Maroc : Mohammed VI en première ligne dans la crise du Rif

Maroc : Mohammed VI en première ligne dans la crise du Rif

Le roi est-il nu, comme le suggère le journaliste espagnol Ignacio Cembrero, chroniqueur de la monarchie marocaine depuis plus de vingt ans ? Mohammed VI est désormais en première ligne dans la crise qui agite le Rif depuis huit mois, dont ni le gouvernement, ni les notables régionaux, ni les partis politiques n’ont la clé. Avant d’être arrêté, le leader de la contestation, Nasser Zefzafi, s’adressait d’ailleurs directement au ­souverain dans ses discours enflammés. Le simple fait qu’un chômeur de 39 ans, ancien réparateur de téléphone, habillé en survêtement, ose prendre à partie le monarque publiquement est en soi un geste subversif.

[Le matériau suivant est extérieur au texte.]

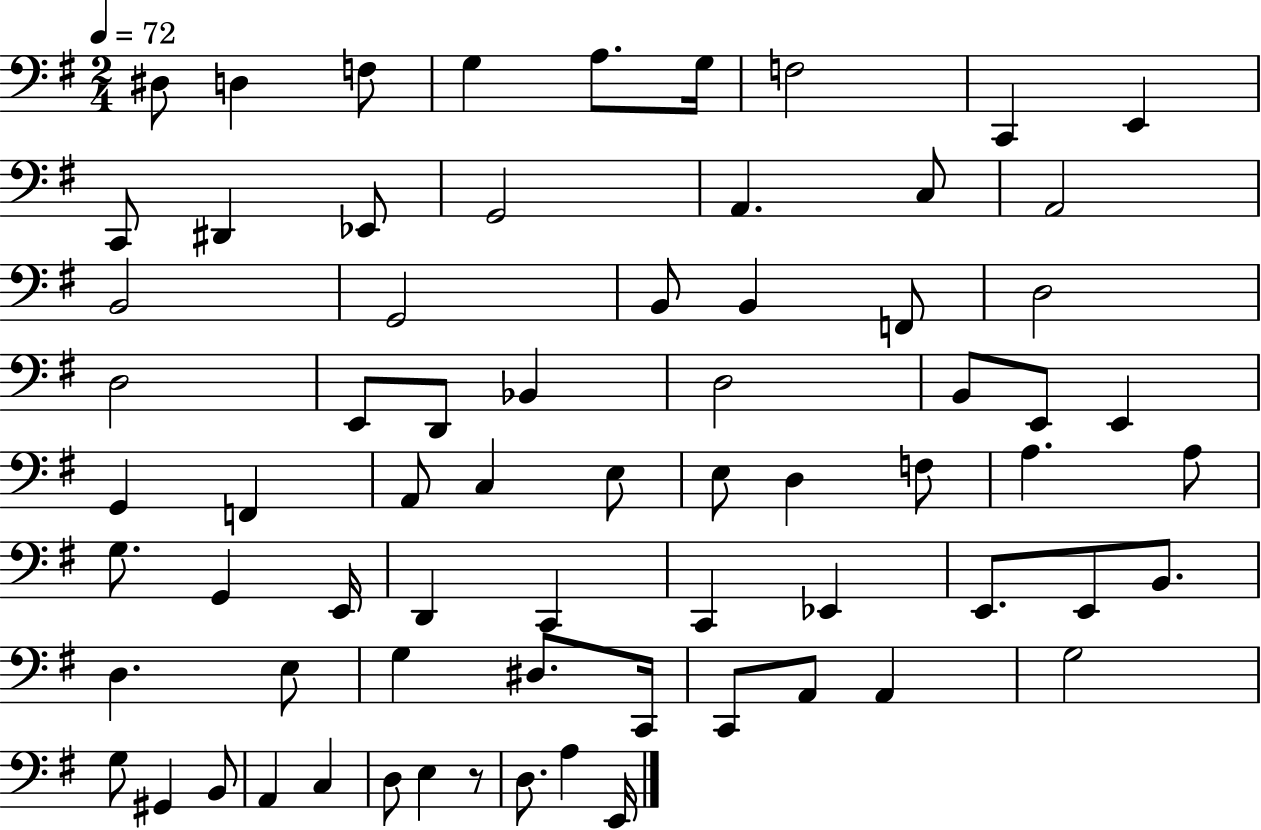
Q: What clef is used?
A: bass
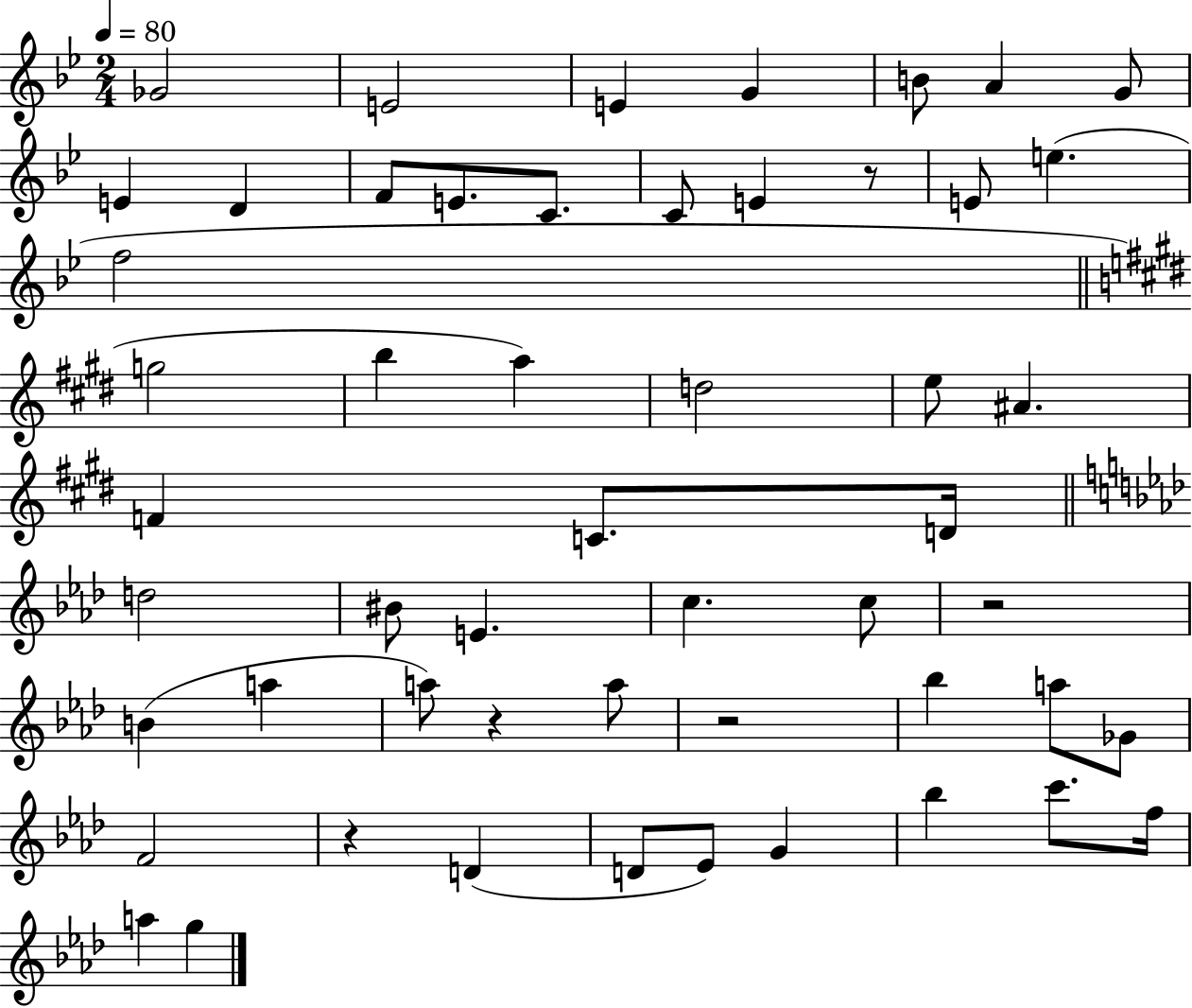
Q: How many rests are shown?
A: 5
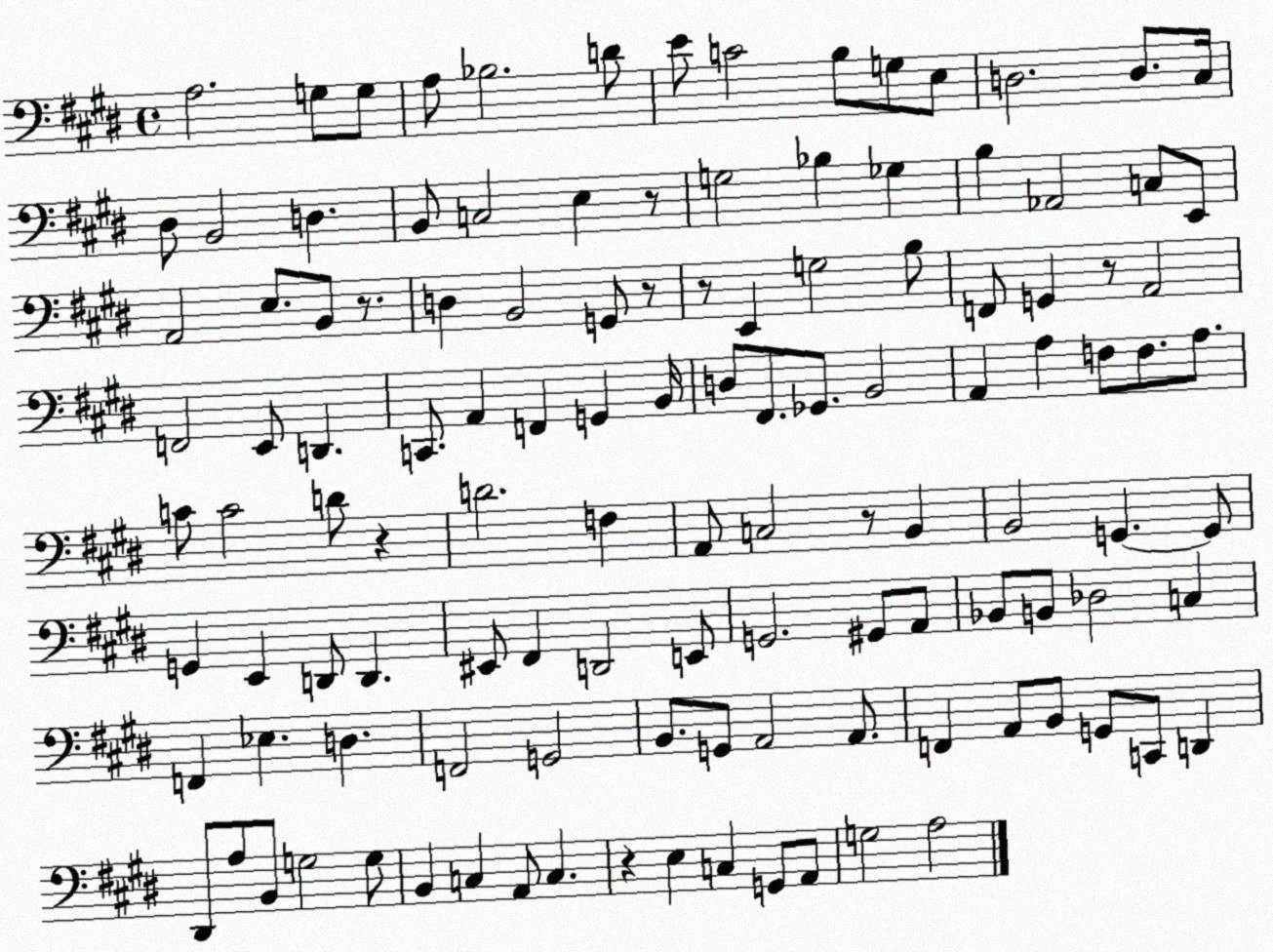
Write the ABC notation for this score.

X:1
T:Untitled
M:4/4
L:1/4
K:E
A,2 G,/2 G,/2 A,/2 _B,2 D/2 E/2 C2 B,/2 G,/2 E,/2 D,2 D,/2 ^C,/4 ^D,/2 B,,2 D, B,,/2 C,2 E, z/2 G,2 _B, _G, B, _A,,2 C,/2 E,,/2 A,,2 E,/2 B,,/2 z/2 D, B,,2 G,,/2 z/2 z/2 E,, G,2 B,/2 F,,/2 G,, z/2 A,,2 F,,2 E,,/2 D,, C,,/2 A,, F,, G,, B,,/4 D,/2 ^F,,/2 _G,,/2 B,,2 A,, A, F,/2 F,/2 A,/2 C/2 C2 D/2 z D2 F, A,,/2 C,2 z/2 B,, B,,2 G,, G,,/2 G,, E,, D,,/2 D,, ^E,,/2 ^F,, D,,2 E,,/2 G,,2 ^G,,/2 A,,/2 _B,,/2 B,,/2 _D,2 C, F,, _E, D, F,,2 G,,2 B,,/2 G,,/2 A,,2 A,,/2 F,, A,,/2 B,,/2 G,,/2 C,,/2 D,, ^D,,/2 A,/2 B,,/2 G,2 G,/2 B,, C, A,,/2 C, z E, C, G,,/2 A,,/2 G,2 A,2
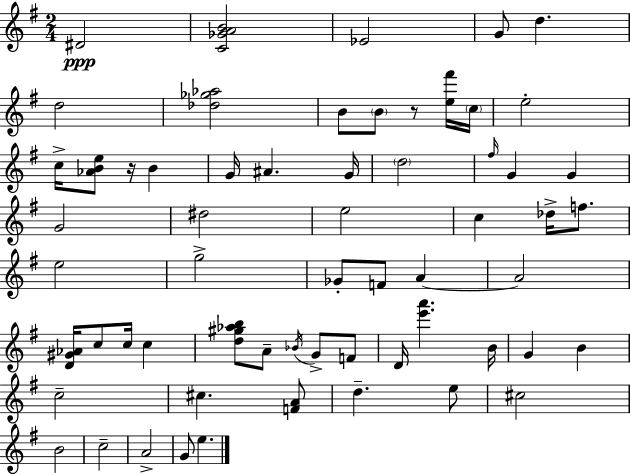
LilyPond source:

{
  \clef treble
  \numericTimeSignature
  \time 2/4
  \key e \minor
  dis'2\ppp | <c' ges' a' b'>2 | ees'2 | g'8 d''4. | \break d''2 | <des'' ges'' aes''>2 | b'8 \parenthesize b'8 r8 <e'' fis'''>16 \parenthesize c''16 | e''2-. | \break c''16-> <aes' b' e''>8 r16 b'4 | g'16 ais'4. g'16 | \parenthesize d''2 | \grace { fis''16 } g'4 g'4 | \break g'2 | dis''2 | e''2 | c''4 des''16-> f''8. | \break e''2 | g''2-> | ges'8-. f'8 a'4~~ | a'2 | \break <d' gis' aes'>16 c''8 c''16 c''4 | <d'' gis'' aes'' b''>8 a'8-- \acciaccatura { bes'16 } g'8-> | f'8 d'16 <e''' a'''>4. | b'16 g'4 b'4 | \break c''2-- | cis''4. | <f' a'>8 d''4.-- | e''8 cis''2 | \break b'2 | c''2-- | a'2-> | g'8 e''4. | \break \bar "|."
}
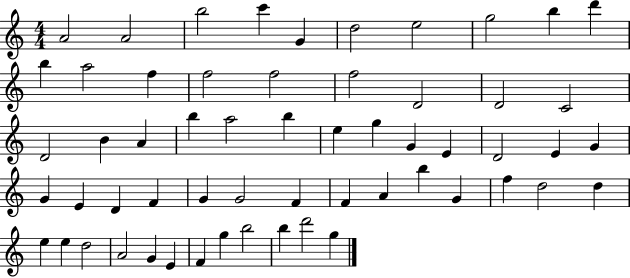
A4/h A4/h B5/h C6/q G4/q D5/h E5/h G5/h B5/q D6/q B5/q A5/h F5/q F5/h F5/h F5/h D4/h D4/h C4/h D4/h B4/q A4/q B5/q A5/h B5/q E5/q G5/q G4/q E4/q D4/h E4/q G4/q G4/q E4/q D4/q F4/q G4/q G4/h F4/q F4/q A4/q B5/q G4/q F5/q D5/h D5/q E5/q E5/q D5/h A4/h G4/q E4/q F4/q G5/q B5/h B5/q D6/h G5/q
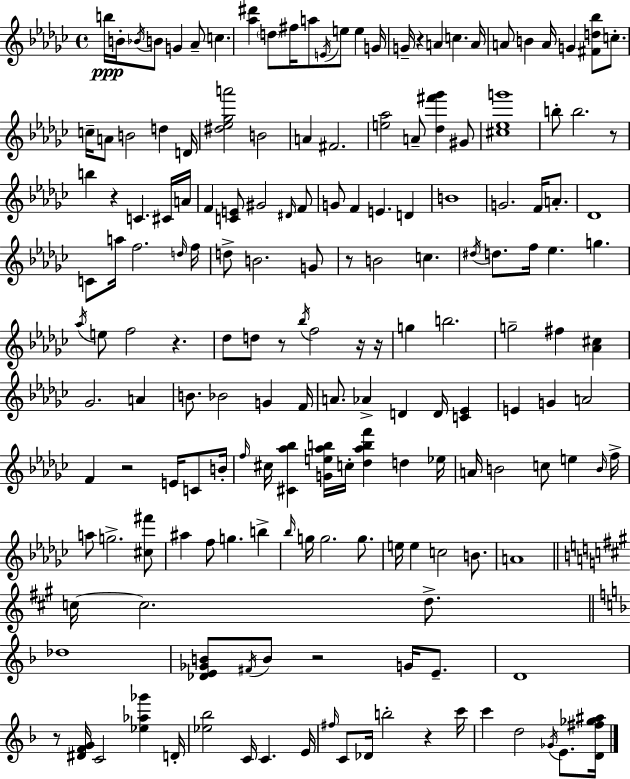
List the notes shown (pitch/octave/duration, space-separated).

B5/s B4/s Bb4/s B4/e G4/q Ab4/e C5/q. [Ab5,D#6]/q D5/e F#5/s A5/e E4/s E5/e E5/q G4/s G4/s R/q A4/q C5/q. A4/s A4/e B4/q A4/s G4/q [F#4,D5,Bb5]/e C5/e. C5/s A4/e B4/h D5/q D4/s [D#5,Eb5,Gb5,A6]/h B4/h A4/q F#4/h. [E5,Ab5]/h A4/e [Db5,F#6,Gb6]/q G#4/e [C#5,Eb5,G6]/w B5/e B5/h. R/e B5/q R/q C4/q. C#4/s A4/s F4/q [C4,E4]/e G#4/h D#4/s F4/e G4/e F4/q E4/q. D4/q B4/w G4/h. F4/s A4/e. Db4/w C4/e A5/s F5/h. D5/s F5/s D5/e B4/h. G4/e R/e B4/h C5/q. D#5/s D5/e. F5/s Eb5/q. G5/q. Ab5/s E5/e F5/h R/q. Db5/e D5/e R/e Bb5/s F5/h R/s R/s G5/q B5/h. G5/h F#5/q [Ab4,C#5]/q Gb4/h. A4/q B4/e. Bb4/h G4/q F4/s A4/e. Ab4/q D4/q D4/s [C4,Eb4]/q E4/q G4/q A4/h F4/q R/h E4/s C4/e B4/s F5/s C#5/s [C#4,Ab5,Bb5]/q [G4,E5,Ab5,B5]/s C5/s [Db5,Ab5,B5,F6]/q D5/q Eb5/s A4/s B4/h C5/e E5/q B4/s F5/s A5/e G5/h. [C#5,F#6]/e A#5/q F5/e G5/q. B5/q Bb5/s G5/s G5/h. G5/e. E5/s E5/q C5/h B4/e. A4/w C5/s C5/h. D5/e. Db5/w [Db4,E4,Gb4,B4]/e F#4/s B4/e R/h G4/s E4/e. D4/w R/e [D#4,F4,G4]/s C4/h [Eb5,Ab5,Gb6]/q D4/s [Eb5,Bb5]/h C4/s C4/q. E4/s F#5/s C4/e Db4/s B5/h R/q C6/s C6/q D5/h Gb4/s E4/e. [D4,F#5,Gb5,A#5]/s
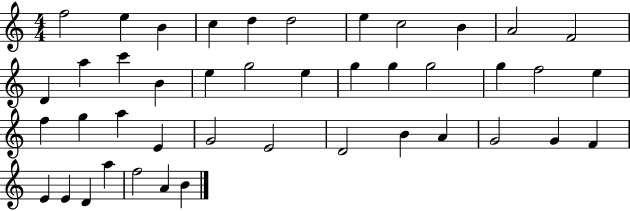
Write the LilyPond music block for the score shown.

{
  \clef treble
  \numericTimeSignature
  \time 4/4
  \key c \major
  f''2 e''4 b'4 | c''4 d''4 d''2 | e''4 c''2 b'4 | a'2 f'2 | \break d'4 a''4 c'''4 b'4 | e''4 g''2 e''4 | g''4 g''4 g''2 | g''4 f''2 e''4 | \break f''4 g''4 a''4 e'4 | g'2 e'2 | d'2 b'4 a'4 | g'2 g'4 f'4 | \break e'4 e'4 d'4 a''4 | f''2 a'4 b'4 | \bar "|."
}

Un tel acte aurait sans doute été impensable avant le «20 Février», le nom que les Marocains ont donné à leur printemps de 2011. Le mouvement avait débouché sur une profonde réforme constitutionnelle… soigneusement maîtrisée par le « Makhzen » (l’administration royale). Les pouvoirs du monarque restent hyper étendus et Mohammed VI maintient son emprise sur de larges pans de l’économie. Mais le «20 Février» a libéré la parole : plusieurs mouvements sociaux ont éclaté ces dernières années. Le plus important étant celui d’Al-Hoceïma, dans une région longtemps oubliée.

« Langue berbère »

En montant sur le trône, en 1999, Mohammed VI avait tendu la main aux habitants du Rif. « Sur le plan culturel notamment, le roi a fait avancer la reconnaissance de la langue berbère, relève l’écrivain Hassan Najmi. Il a sincèrement tenté une réconciliation, au moins symbolique. » Le souverain se rend en visite à Al-Hoceïma quasiment chaque année, alors que son père avait juré de ne jamais se déplacer dans la région. Sa venue, cet été, fait l’objet d’intenses spéculations. Verra-t-on le roi, qui ne s’est jamais exprimé publiquement sur la « question rifaine », se promener dans les rues de la cité indomptée ? « Plusieurs courants s’affrontent au sein du régime, explique l’historien dissident Maâti Monjib. Le Makhzen est un fin tacticien : sa réponse à la révolte est chirurgicale, il réagit au cas par cas. Arrestations, pressions, intimidations, chantage, cadeaux, calomnies : il sait manœuvrer. » Hassan Najmi estime que la monarchie ne se sent pas menacée par la révolte du Rif : « Le Palais reste maître du temps, il contrôle la situation. On ne sent pas de panique parmi les conseillers, comme en 2011. Ils pensent que la crise est régionale, fortement identitaire, qu’elle ne peut pas s’étendre. »

Hôpital et barrage

Le jour de l’Aïd el-Fitr (dimanche ou lundi), qui marque la fin du ­ramadan, pourrait être propice à une annonce du « commandeur des croyants ». Une manifestation de grande ampleur est prévue à Al-Hoceïma. Le roi aura aussi l’occasion d’évoquer le Rif lors du traditionnel discours du trône, le 30 juillet. S’il choisit l’apaisement, Mohammed VI pourrait accorder sa grâce aux militants rifains (au moins 130 détenus à ce jour) et ainsi ouvrir la porte à une négociation jusque-là refusée par Zefzafi et ses camarades. Leur libération priverait le mouvement de ses motifs politiques, le restreignant au registre socio-économique, ce qui serait plus acceptable pour le Palais et le gouvernement. Depuis plusieurs mois, les chantiers prévus pour le développement d’Al-Hoceïma, qui étaient à l’arrêt, ont redémarré. Un hôpital, une faculté, un barrage, des routes et des postes d’enseignants ont été promis.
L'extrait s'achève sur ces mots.